SQB’s loan portfolio is largely made up by corporate clients (60%), with SMEs comprising another third (30%), and the rest is retail customers (10%), according to Khudayberganov. The bulk of the corporate clients remain state-owned enterprises (SOEs), but that share should fall as the privatisation in the rest of the economy gets under way.
“We are aiming to reduce the number of SOEs in our mix and increase the number of private sector customers,” says Khudayberganov. “But the pandemic has not helped, as the private sector clients have fallen in the last year after the borders closed and raw materials trade fell. In the meantime, we have been concentrating on improving the quality of our service.”
The bank has abandoned the directed credits and now makes loan decisions on the basis of market conditions and how they will affect the bank’s risk profile and return on assets, says Khudayberganov.
Two step privatisation
SQB’s privatisation will be conducted in two steps. In the first it will take a convertible loan from the IFC and EBRD to fund its work, but that loan will be eventually converted into an equity stake as the two development banks join the bank’s board of directors.

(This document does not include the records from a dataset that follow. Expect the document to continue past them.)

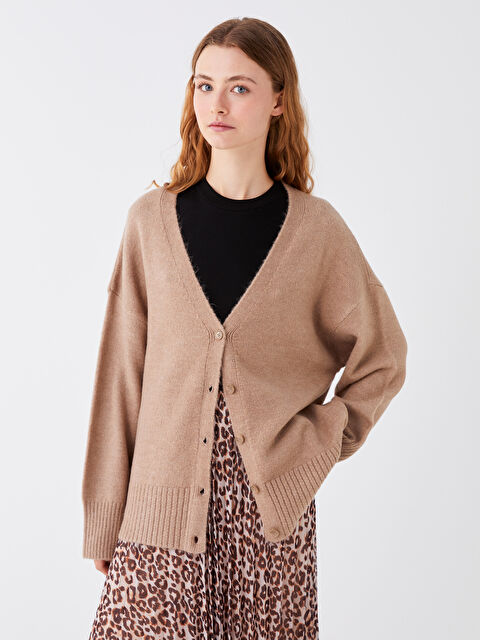 LCW Modest V Yaka Oversize Kadın Triko Hırka - W3AQ19Z8-V50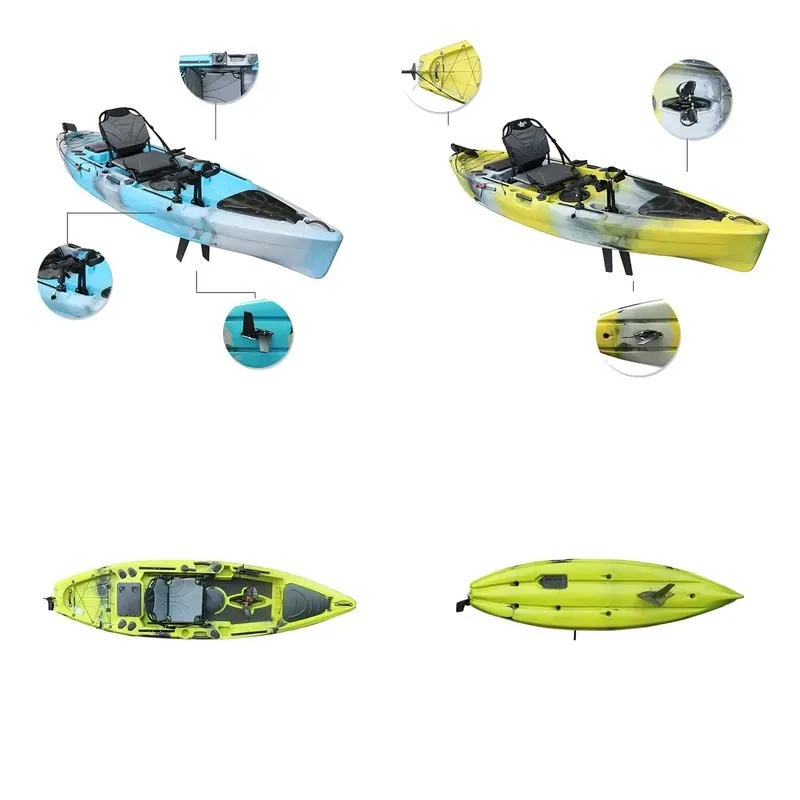11FT Single Person Pedal Drive Sea Kayak for Fishing HDPE Hull Material with Flap Ocean Waters Water Resistant
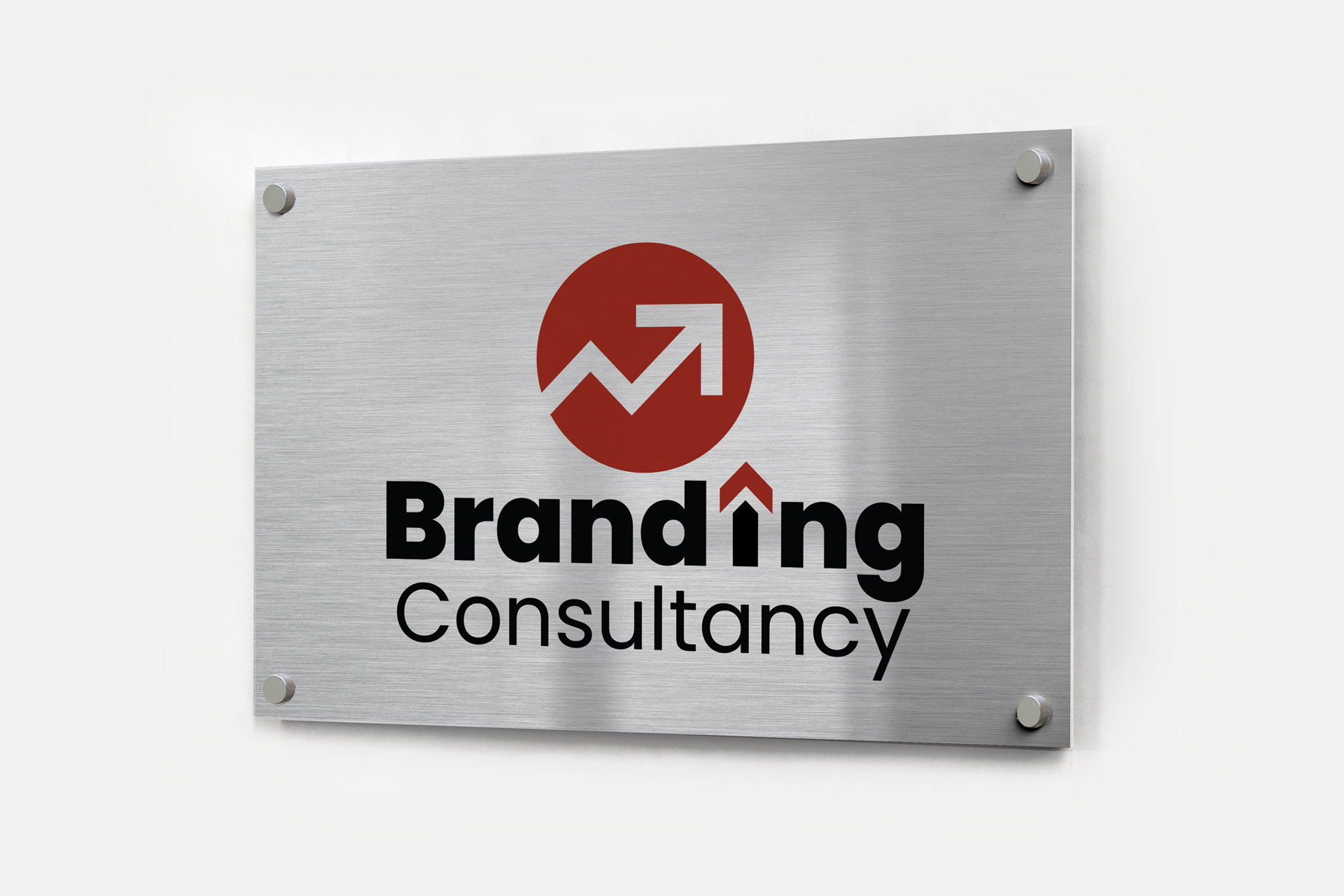 Custom brushed aluminum sign printed with a branding company logo.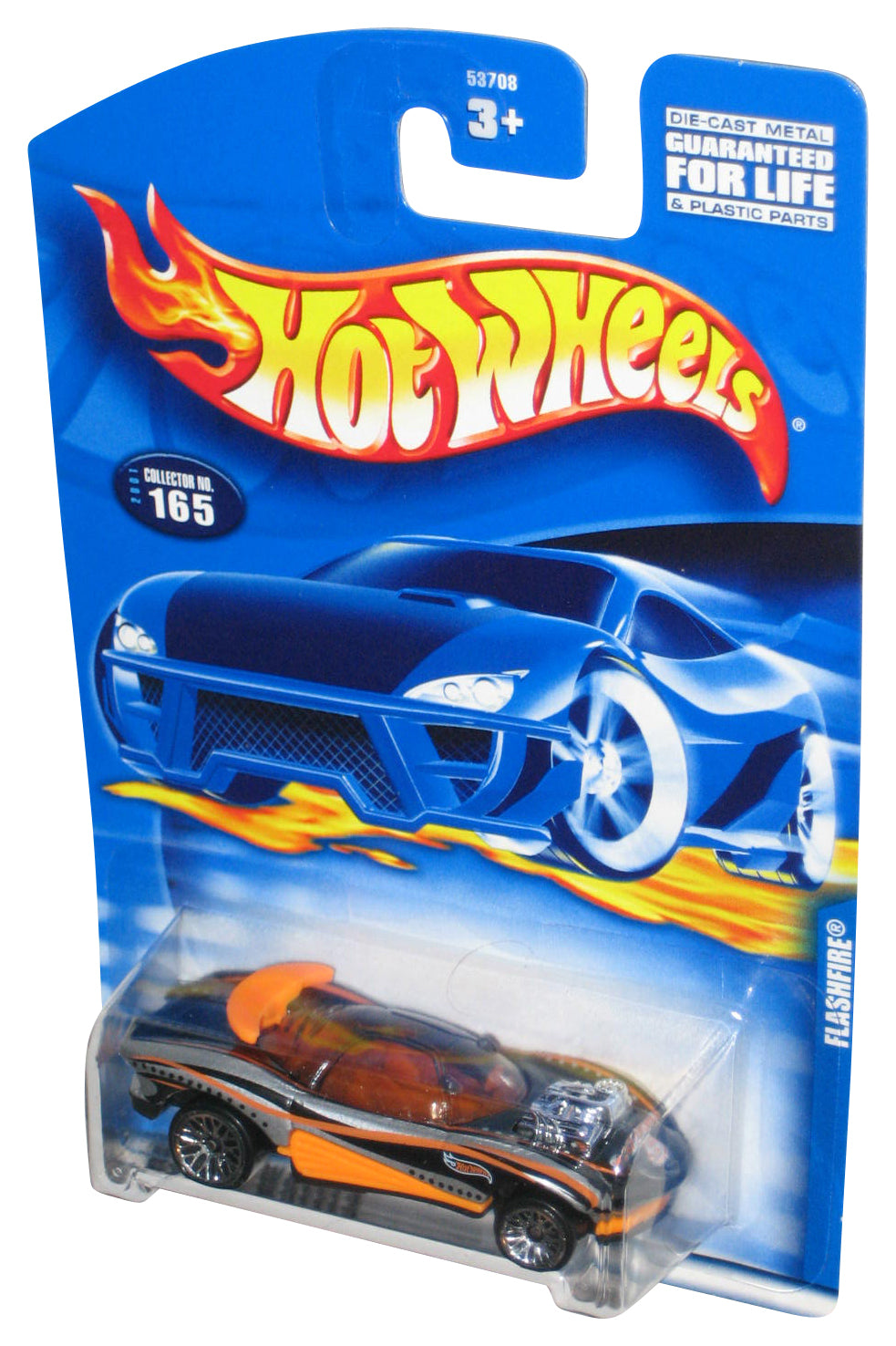 Hot Wheels Flashfire (2001) Black & Orange Collector Toy Car #165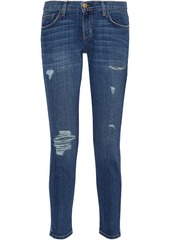 Current/elliott Woman The Easy Stiletto Distressed Mid-rise Slim-leg Jeans Mid Denim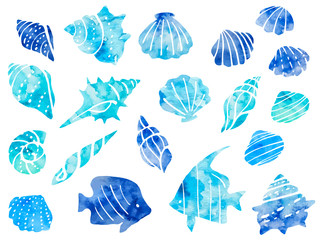 海の貝殻と熱帯魚の青い水彩風イラストセット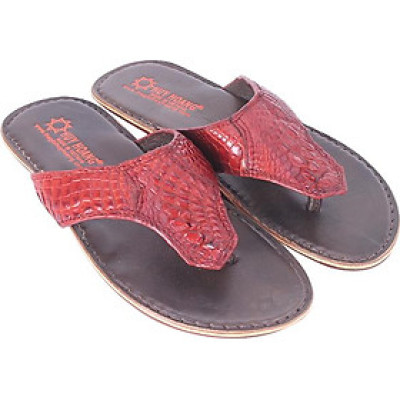 Dép Nam Da Cá Sấu Huy Hoàng HT7222 - Nâu Đỏ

With this help the bank will continue its transformation but then either a strategic investor can be found or the bank can be listed on an exchange. The presence of the development banks in the bank’s shareholder structure will give investors extra confidence in the bank’s reliability and should make it easier to sell. The same model has been used by the IFIs to help in the privatisations of many banks in other countries such as Russia, Georgia and Moldova. It is a path worn smooth by use.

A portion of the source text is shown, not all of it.